Mais lido pelos jovens ou pelos menos jovens?
SIMENON – Dos treze aos oitenta anos.
Pelos intelectuais ou pelo homem médio?
SIMENON – Por estes e por aqueles.
Como se desenvolve a sua inspiração literária?
SIMENON – Jamais tive inspiração literária.
Você se define como um artesão, eu sei. Por quê?
SIMENON – Porque eu, efetivamente, trabalho como um artesão. Sento-me à mesa de trabalho – isto é, na poltrona – numa hora determinada, trabalho um determinado tempo e, só depois de cumprir o expediente, me levanto.”
Onde termina o artesanato e começa a arte?
SIMENON – É muito difícil dizer.
Por quê?
SIMENON – No artesanato, seguidamente, tem arte, e na arte tem artesanato.
Acredita no estado de graça?
SIMENON – Acredito no escritor se desfazer da sua pele e entrar na pele do personagem.
Ainda diria a frase que disse certa vez: "Não sei e não saberei jamais se tenho talento"?
SIMENON – Sim. O talento é algo que avaliam os pósteros e não os contemporâneos.
Mas o que é o talento?
SIMENON – É a capacidade de inventar um caráter, uma situação, uma paisagem.

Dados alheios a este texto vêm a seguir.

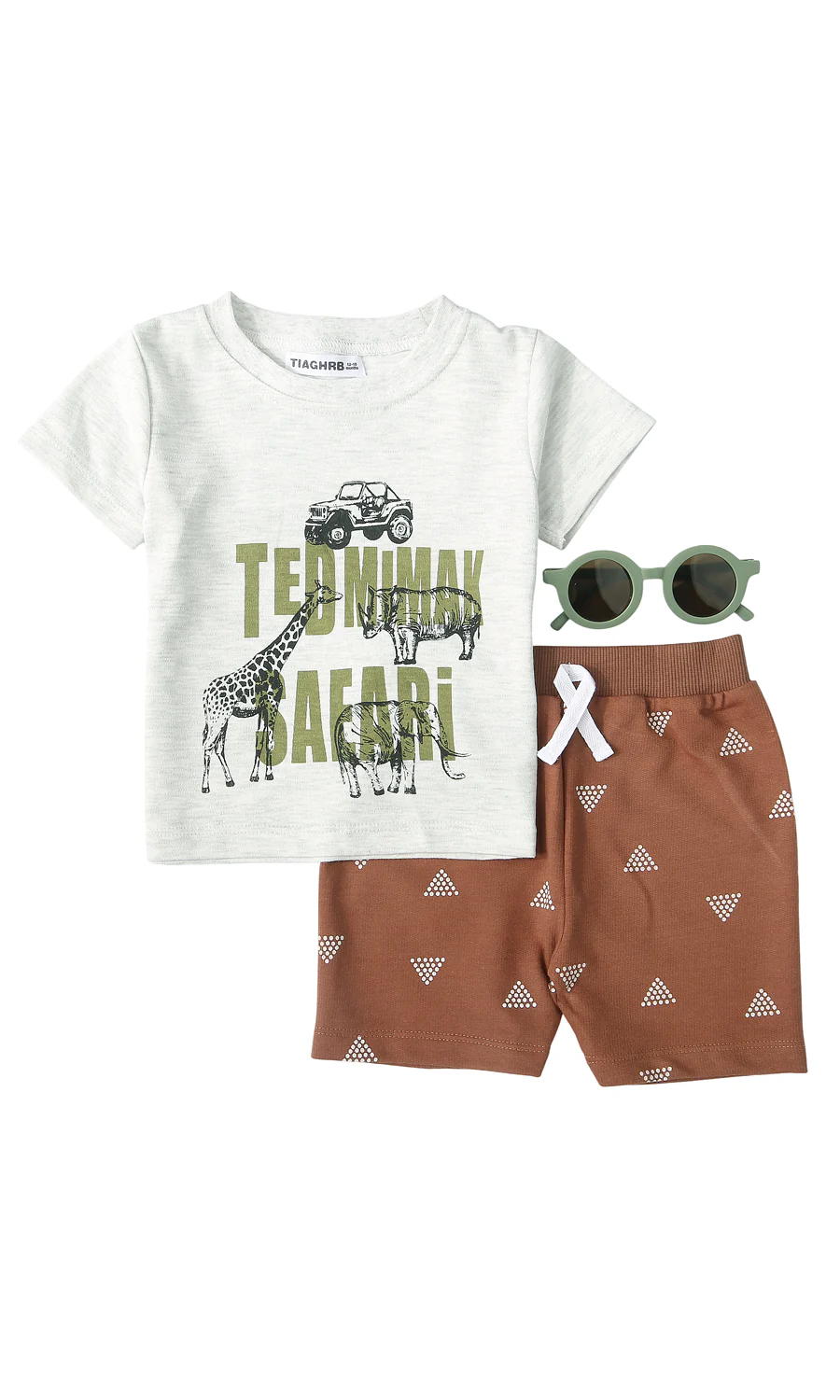 Baby Boys 3-Piece Suit White Brown Safari Print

Escritor é só aquele que se faz ler?
SIMENON – E quem mais seria?
A desenvoltura faz o perfeito narrador?
SIMENON – Sempre se deve escrever como se fala.
E fácil escrever fácil?
SIMENON – Não. É dificílimo.
E as suas relações com os adjetivos?
SIMENON – Péssimas. Odeio-os, como também detesto os advérbios. Aborrecem-me os enfeites e as lantejoulas do texto. Acabam por torná-lo obscuro. É preciso ser compacto, reduzir tudo ao osso.

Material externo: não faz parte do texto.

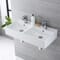 Lavabo Bagno Sospeso Rettangolare Doppio in Ceramica 820x420mm - Halwell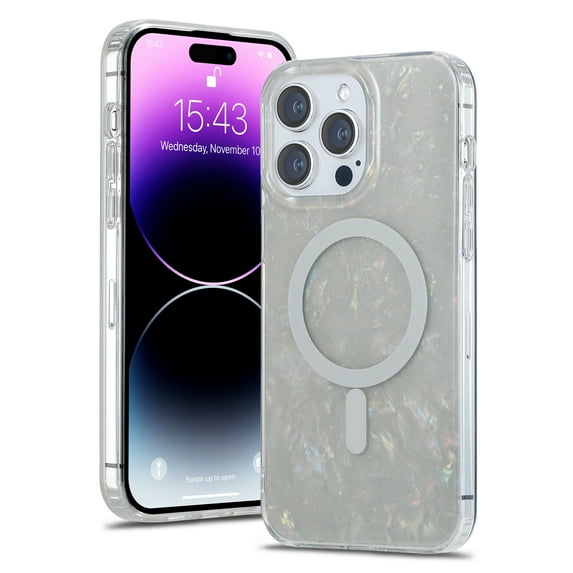 Designed for iPhone 16 Pro Magnetic Case Compatible with MagSafe for Women Girls Slim Lightweight Sparkle Glitter Shell Pattern Shockproof Protective Phone Case for iPhone 16 Pro, Gray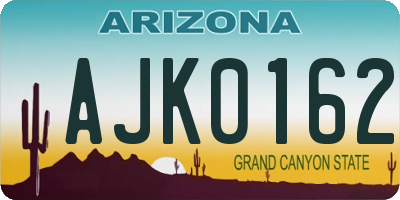 AZ license plate AJK0162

Um escritor é sempre autobiográfico?
SIMENON – Eu não sou. Mas alguns são.
Primeiro dever de um escritor?
SIMENON – Tornar-se lido e ser sincero.
De um jornalista?
SIMENON – Idem.
O escritor-personagem nasce só do juízo do público?
SIMENON – O sucesso é determinado pelos leitores.
É mais rara uma vida bem vivida ou bem escrita?
SIMENON – Bem escrita. É melhor, porém, se for bem vivida.
Chegará também para você a hora do Prêmio Nobel?
SIMENON – Se chegar, recusarei.
Por quê?
SIMENON – Os prêmios são como as medalhas, os laços de fita e os penachos que enfeitam as vacas e os touros vencedores nas exposições de animais.
Quem lhe inspirou Maigret?
SIMENON – Os vários policiais que conheci.
Quando nasceu?
SIMENON – Quem?
Maigret.
SIMENON – Em fevereiro de 1929.
Onde?
SIMENON – Num vilarejo holandês de pescadores. Lá, hoje, há um monumento para ele.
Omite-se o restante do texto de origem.